What are your New Year resolutions? For a while I quit making resolutions because it seemed that I was always failing. There's nothing so discouraging as setting yourself up for failure, right? I would always go for the more traditional {and superficial} type of resolutions like, lose 25 pounds, exercise more, save money, eat healthy ... etc ... never a good idea for me because I never was able to live up to the lofty goals I set. By March I was so disgusted with myself that I just gave up making resolutions at all.
Then a year or so ago I realized that my goals could be more personal and uplifting. Be more creative, be kinder, volunteer, and so on. So this year I am going to set a goal for myself. And really, it will be a difficult one in many ways. It is so ingrained in my personality to say "yes". Yes, sure I'll help you. Yes, I'd be glad to come over. Yes, sure I can. You get the idea. So, for 2007,
my goal is to re prioritize my priorities! Here is the entry from dictionary.com, American Heritage edition:
To put things in order of importance:
"Everyone should take time to be alone,
to prioritize and meditate" (Art Linkletter).

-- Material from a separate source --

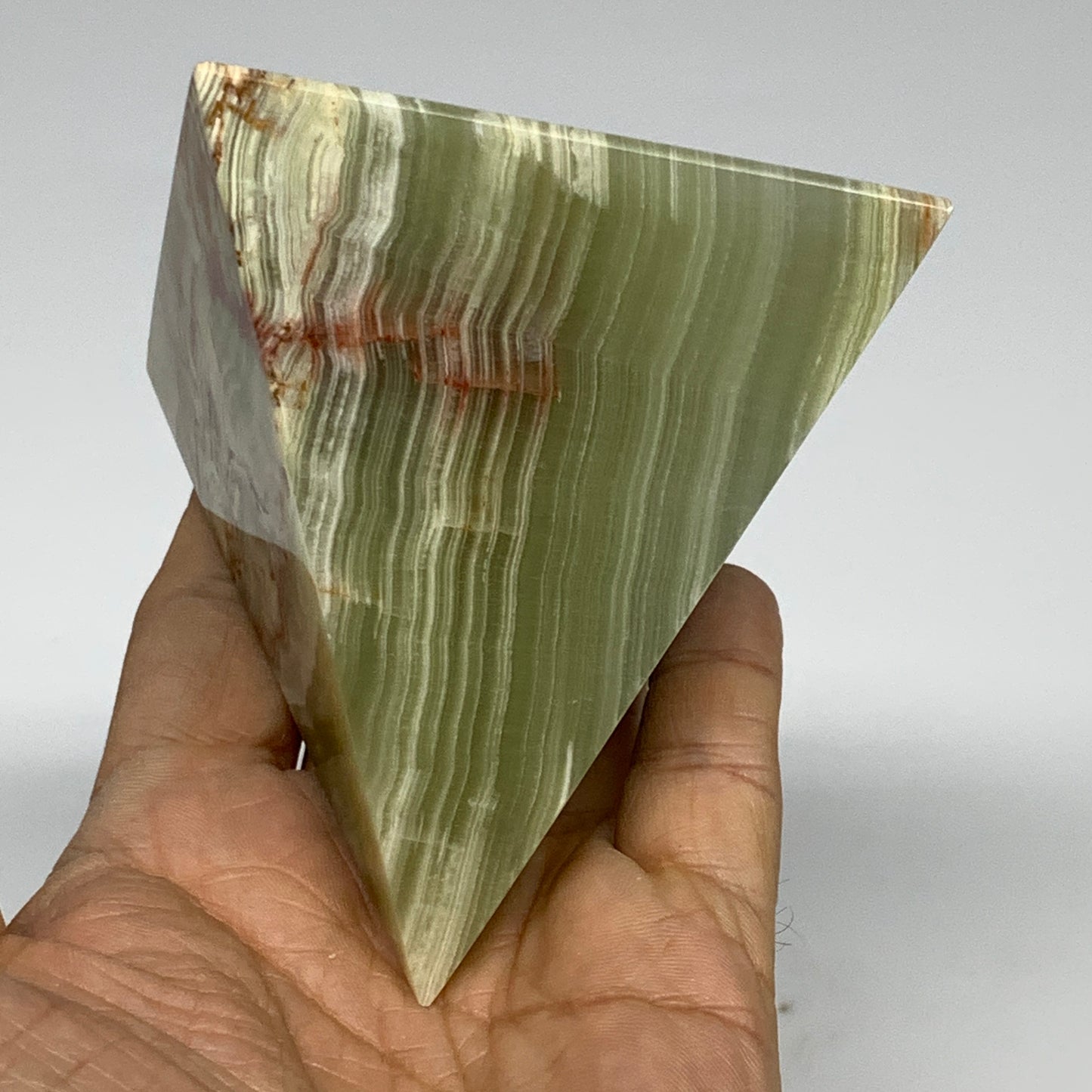 0.94 lbs, 3"x2.9"x2.9", Green Onyx Pyramid Gemstone Crystal, B32453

I need to learn to always keep the most important things first and foremost in my plans. This sounds so simple --
common sense even. But I must confess, it is my real weakness. I tend to do for others outside of my family before I do for the ones that I am really supposed to be
nurturing, helping, and supporting.
My mind thinks there is more time available than is actually there. I find myself always thinking I can do that later, or they will understand, or even the most dreadful one of all: I made a promise! In 2007, I am making a promise only to myself and my family:
I will be here.
I will be what I should be in your lives.
And anything else that I have time for will be a wonderful, lovely, enjoyable bonus! And, I'm not saying that I won't have time for creativity ... because that is who I am, it is an integral part of me. If I'm not creative, I'm not being true to myself, or my family.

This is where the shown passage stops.